Fairs and Festivals
Amarnath Yatra - Jammu & Kashmir :
In the month of Shravan, thousands of pilgrims make an arduous trek up to the Amarnath cave in the Kashmir Himalayas. They come to worship the sacred ice lingam - a symbol of Lord Shiva, which is a natural phenomenon.
Baisakhi - Punjab (April 14th)
A rural festival of North India, marking the beginning of the solar year (New year), celebrated in Punjab with great fervour. For the Sikhs the day is a collective celebration of New Year along with the commemoration of the founding of the Khalsa Panth (Sikh brotherhood) by Guru Gobind Singh in 1699.
It also signifies the end of harvest of the main crop. During Baisakhi the farmers give 'thanks' to the Lord Almighty for their fortune and pray for a better crop the next year. Baisakhi involves a lot of socialising where friends and relatives are invited and delicious meals are served.
The holy book of the Sikhs, 'Granth Sahib' is taken in a procession, led by the 'Panj Pyaras' (five senior Sikhs) who are symbolic of the original leaders. The occasion is celebrated with great gusto at Talwandi Sabo, where Guru Gobind Singh stayed for nine months and completed the recompilation of the Guru Granth Sahib and in the Golden temple in Amritsar. On Baisakhi day, water is drawn from all the sacred rivers of India and poured in to the huge tank surrounding the golden temple.
Budh Purnima - All over India
Buddha Poornima, which falls on the full moon night in the month of Vaisakha (either in April or May), commemorates the birth anniversary of Lord Buddha, founder of Buddhism, one of the oldest religions in the world. Notwithstanding the summer heat (the temperature routinely touches 45 degrees C), pilgrims come from all over the world to Bodh Gaya to attend the Buddha Poornima celebrations. The day is marked with prayer meets, sermons on the life of Gautam Buddha, religious discourses, continuous recitation of Buddhist scriptures, group meditation, processions, worship of the statue of Buddha and symposia. The Mahabodhi Temple wears a festive look and is decorated with colourful flags and flowers. Celebration of this festival has been recorded by the Chinese scholar, Fa-Hien.

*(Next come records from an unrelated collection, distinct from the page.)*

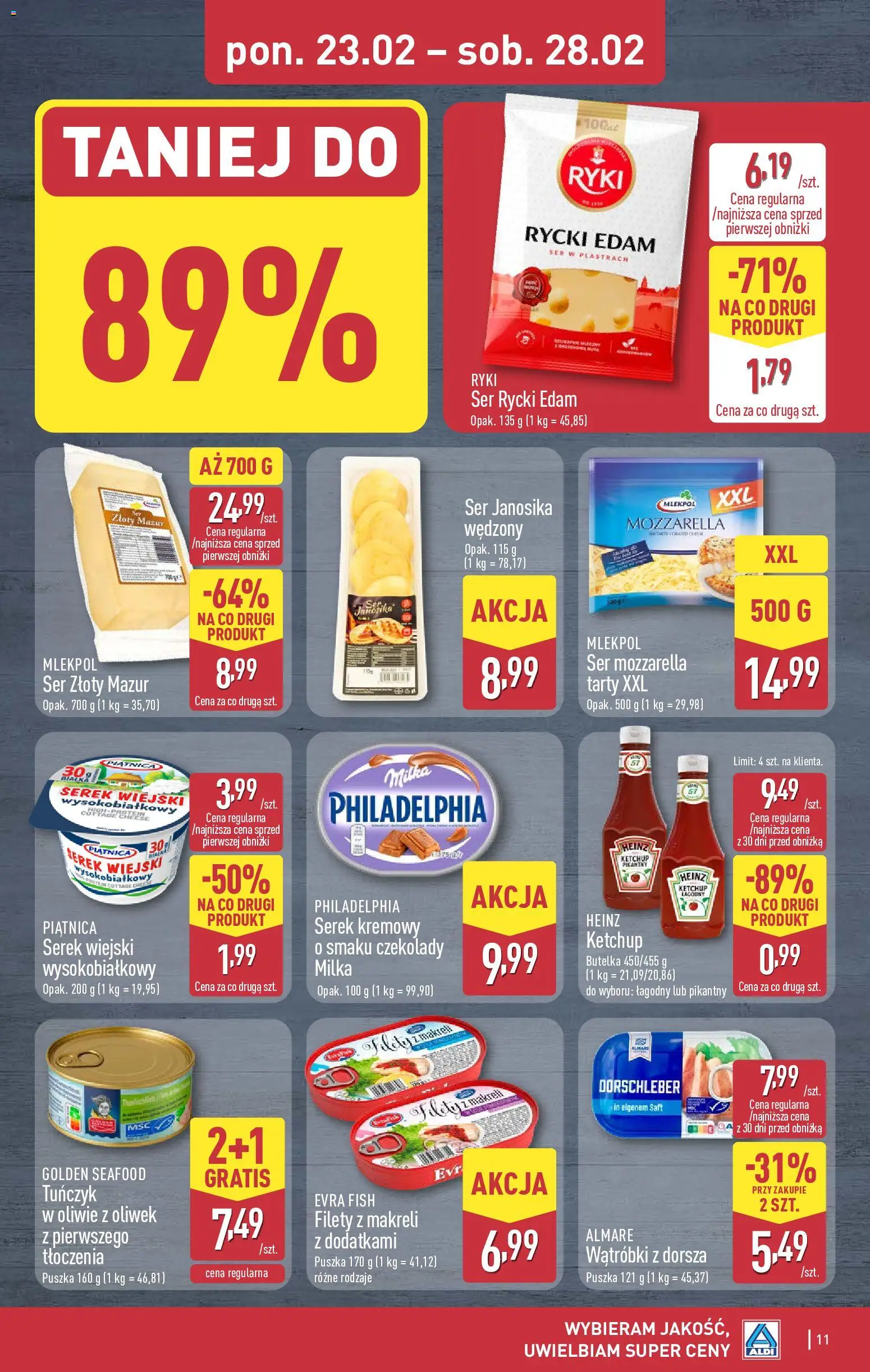 Aldi Polsko leták od 23.02.2026 | Strana: 11 | Produkty: Mozzarella, Protein, Cottage cheese, Cottage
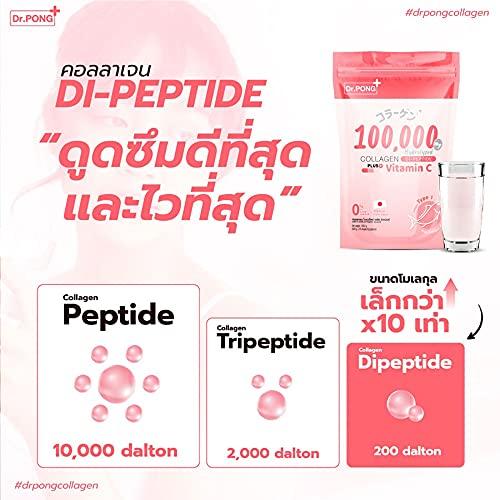 Collagen Dipeptide Plus Vitamin C From Japan No sugar Anti Aging Reduces Wrinkles EXPRESS DHL Dr.Pong 100,000 mg (Packs of 8) By Thaigiftshop [Get Free Tomato Facial Mask]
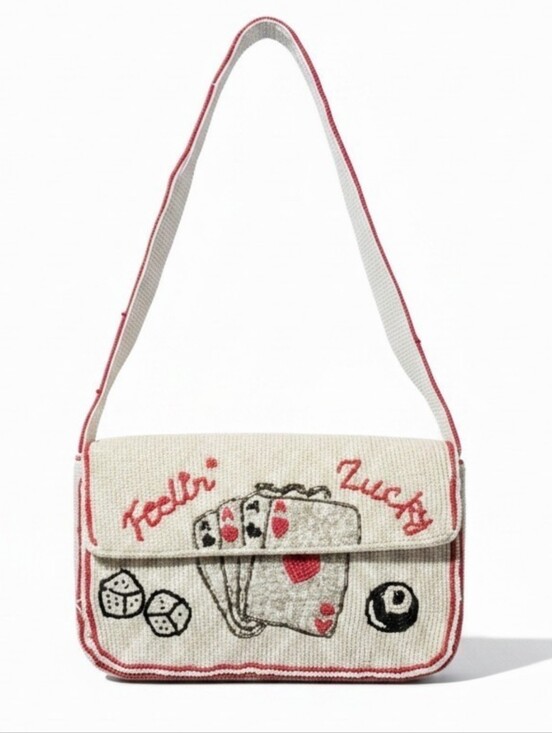 Sol And Mer Handbags - Viral Sol & Mer "Feelin' Lucky" White Beaded Shoulder Bag NWT Aces & Dice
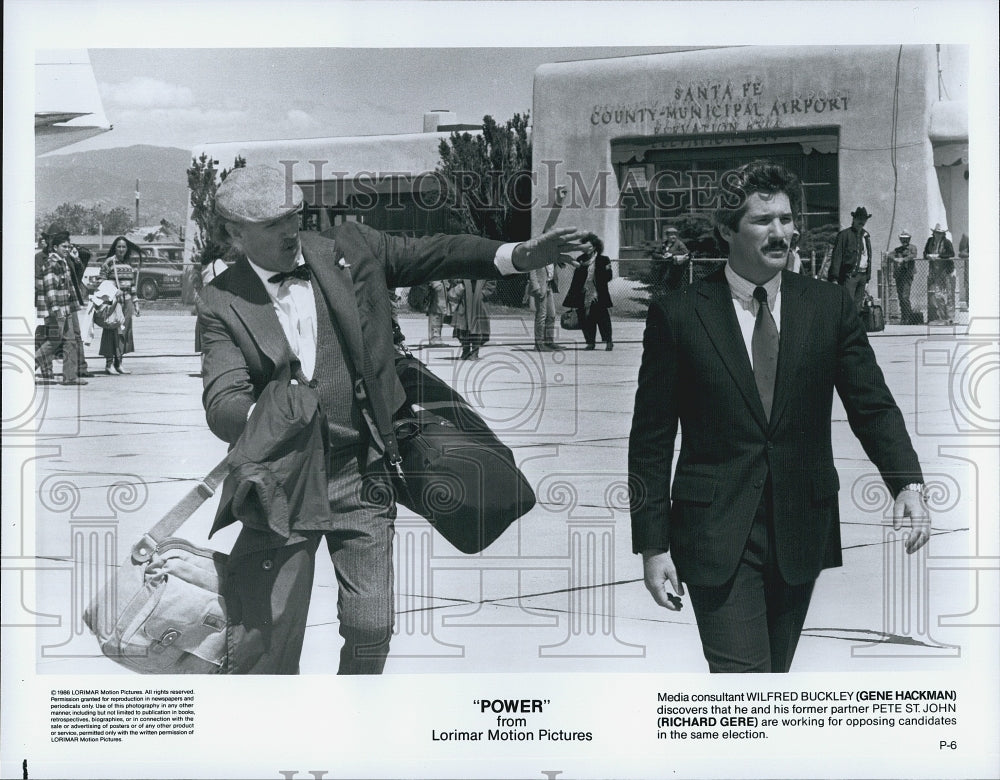 1986 Press Photo Gene Hackman, Richard Gere "Power" - Historic Images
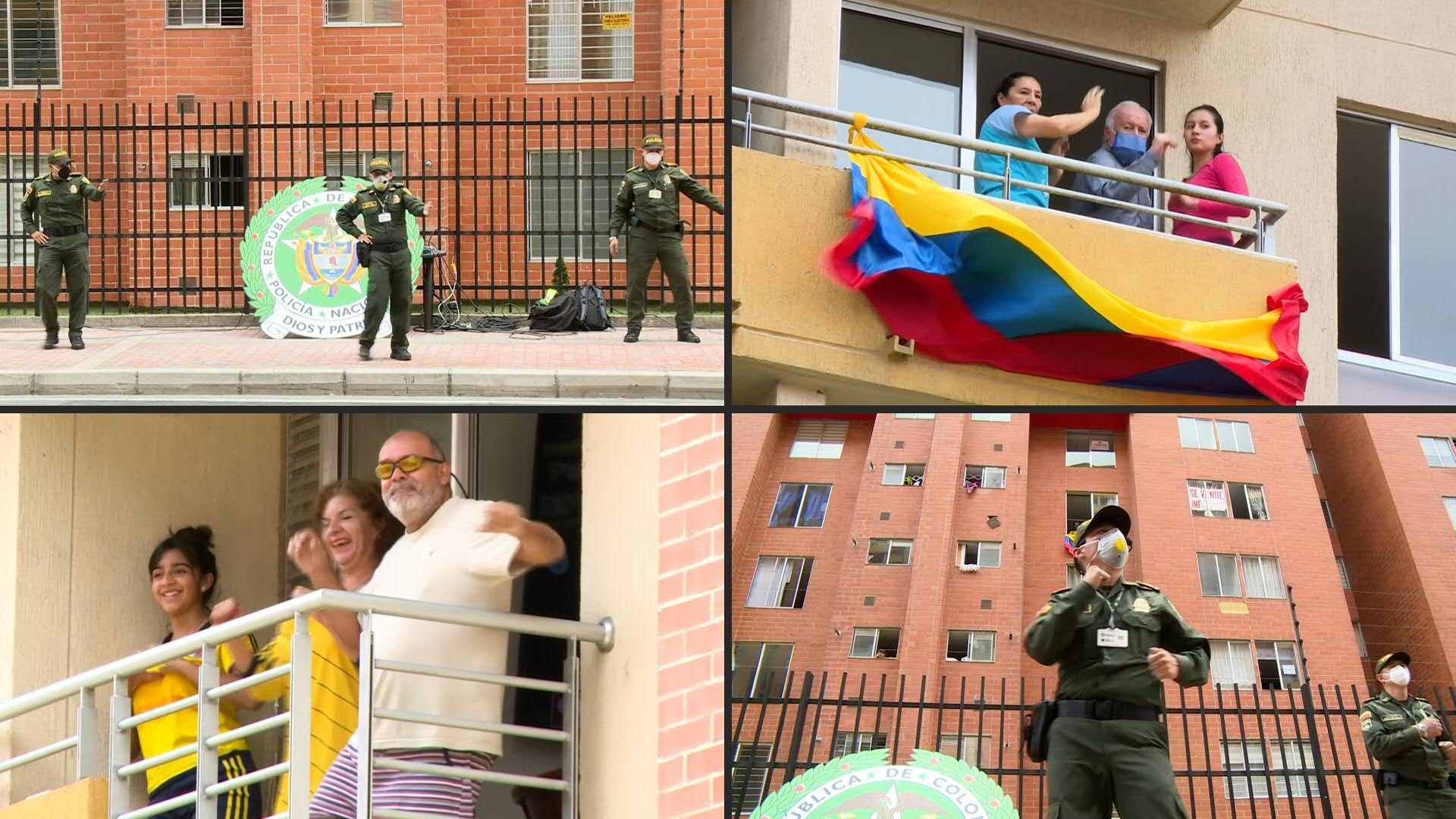 Policías colombianos visitan barrios de Bogotá y dan clases de Zumba para animar y entretener a los habitantes, que están en aislamiento obligatorio decretado por el gobierno para detener la propagación del nuevo coronavirus.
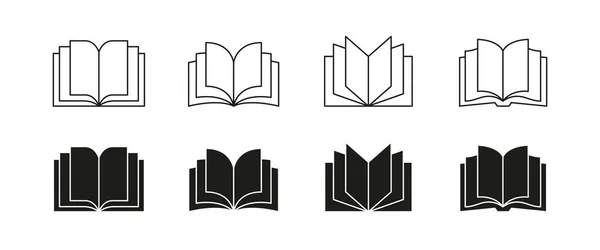 Abrir libro icono conjunto. — Archivo Imágenes Vectoriales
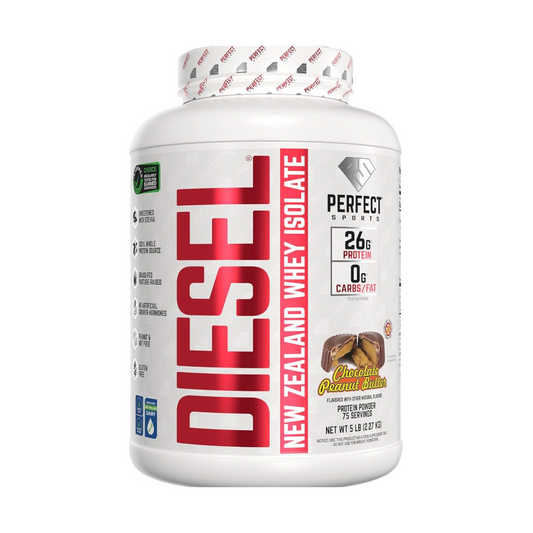 PERFECT SPORTS Diesel 100% New Zealand Whey Protein Isolate| 5lbs | Chocolate Peanut Butter)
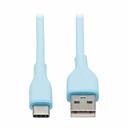 Eaton Tripp Lite Series Safe-IT USB-A to USB-C Antibacterial Cable, USB 2.0, Ultra Flexible (M/M), Light Blue, 6 ft. (1.8 m)
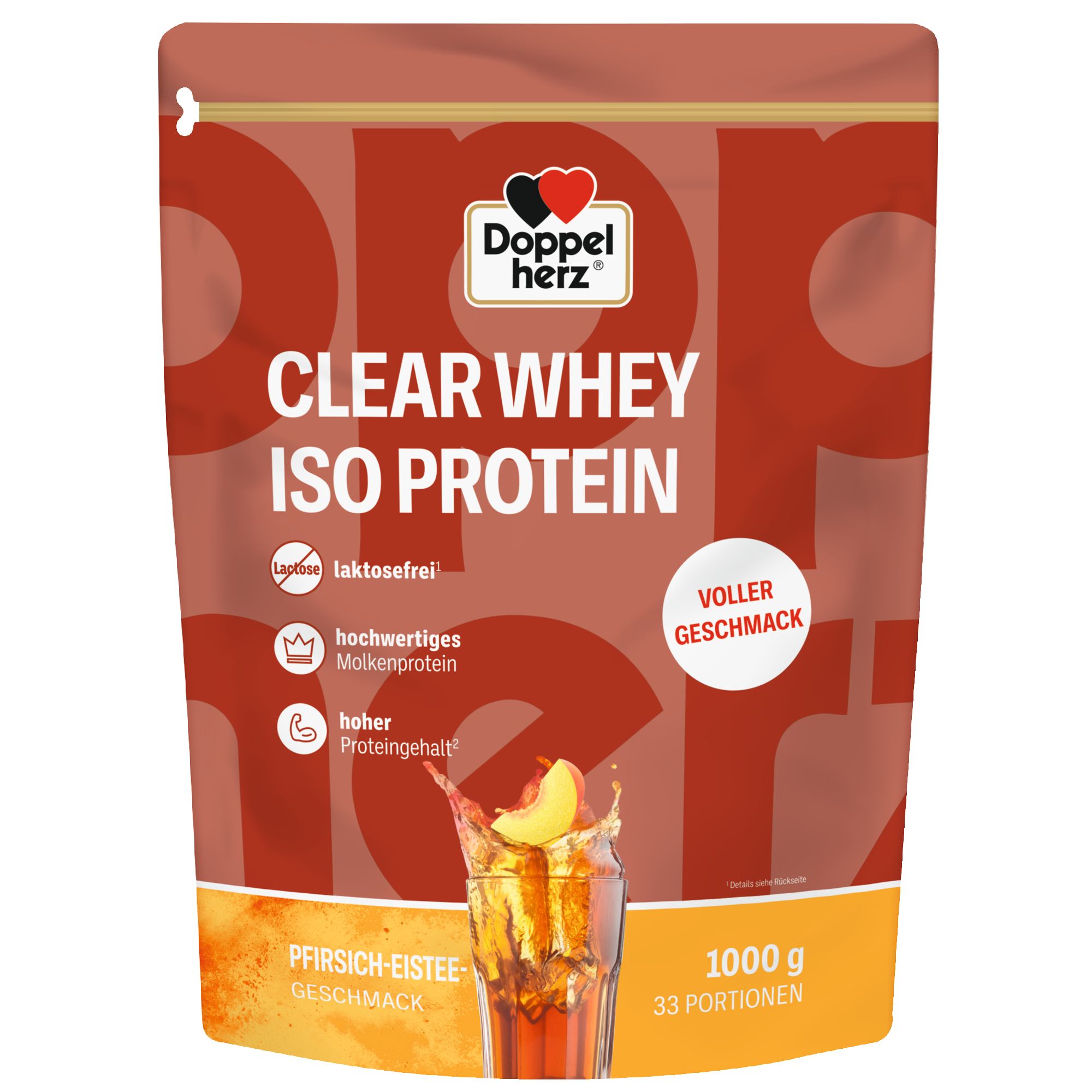 Verpackung von Doppelherz Clear Whey Iso Protein. Mit Pfirsich-Eistee Geschmack. 1000g, 33 Portionen.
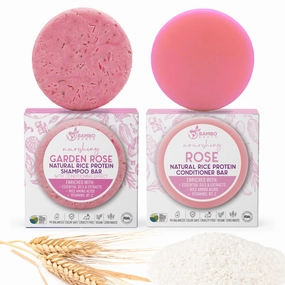 Solid Rice Protein Water Shampoo & Conditioner Hair Soap – Shampoo and Conditioner Bars For Hair With All Natural Plant Based Essential Oils And Zero Waste Packaging (Rose)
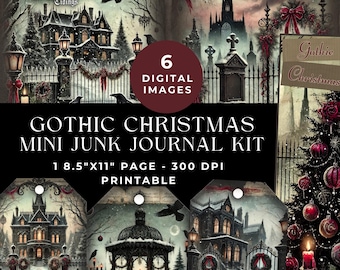 Puede incluir: Un kit de mini diario de chatarra de Navidad gótica con 6 imágenes digitales en una página de 8.5"x11" a 300 DPI. La colección imprimible muestra escenas oscuras y nevadas de mansiones victorianas, cementerios, puertas de hierro y árboles.
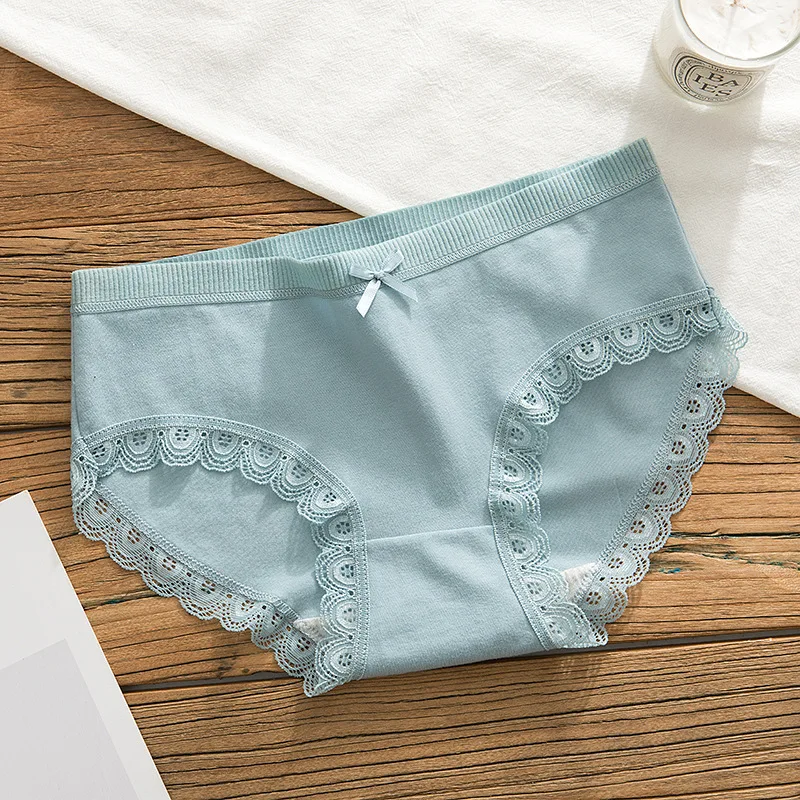 

Women's Underwear Pure Cotton Antibacterial Non Scar Closed Lace Triangle Shorts Women's Underwear Women Underwear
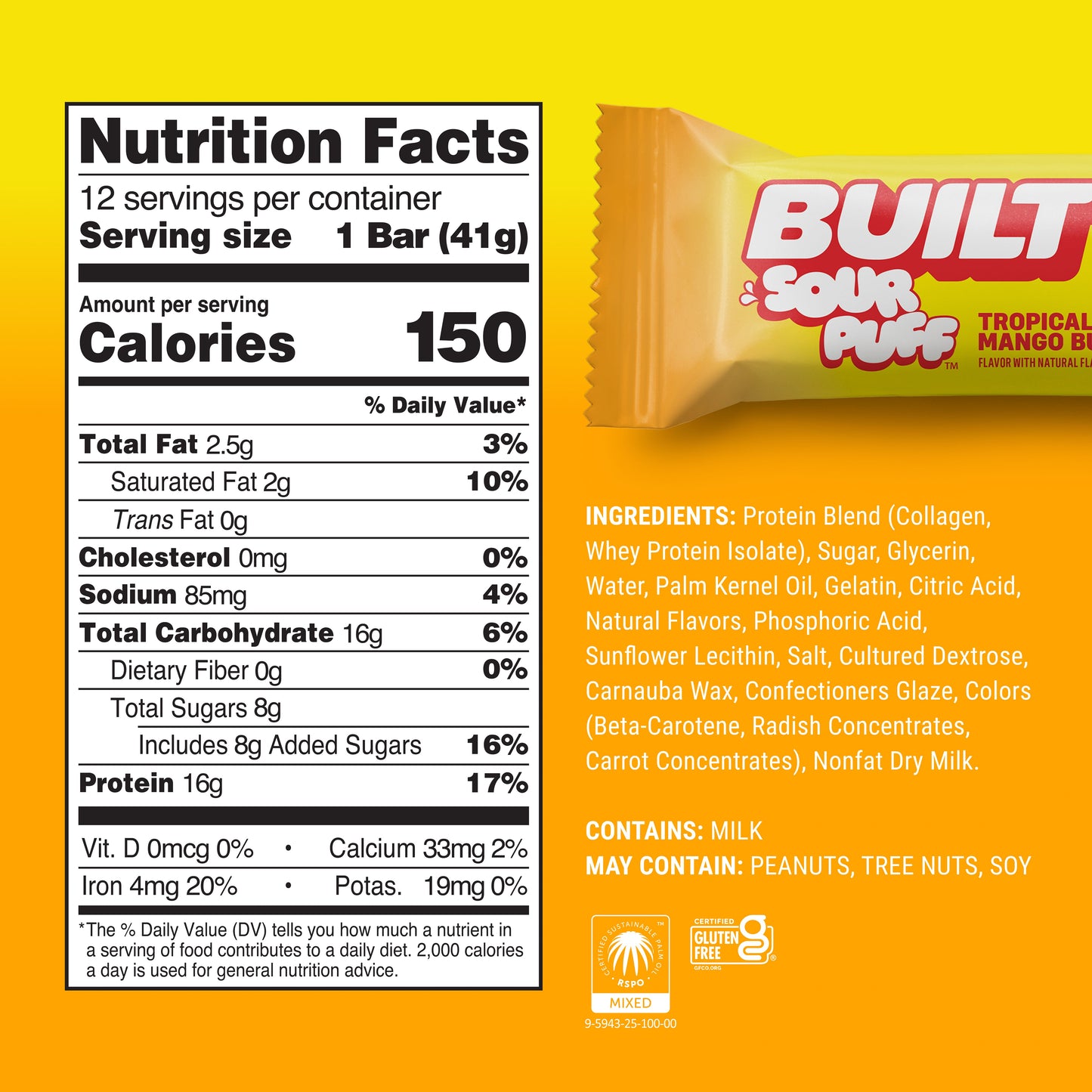 Tropical Mango Burst Sour Puff Protein Bar | Built High Protein Snack
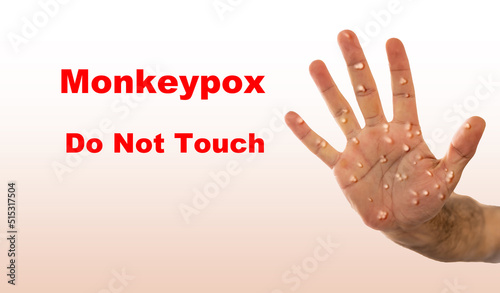 monkey flower don't touch me lettering. not to touch to avoid virus.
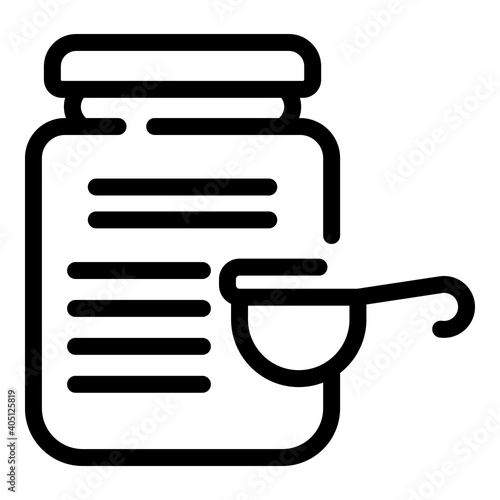 Protein powder icon. Outline protein powder vector icon for web design isolated on white background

Christmas - All Over India
Christmas the birth anniversary of Jesus Christ, is celebrated in India with great fervor all over India by the Christians.
People decorate their houses, erect Christmas trees, make cribs with figures of baby Jesus, Mother Mary, Joseph, the three kings who come to visit the baby and shepherd boys and their herds grazing around depicting the scenes of Jesus's Birth in the Bible. They decorate the Christmas tree, hang stars, gifts and illuminate them. On the Christmas day, people enjoy a sumptuous Christmas lunch. Christmas cakes and wine are served to visitors and exchanged as gifts among friends and relatives.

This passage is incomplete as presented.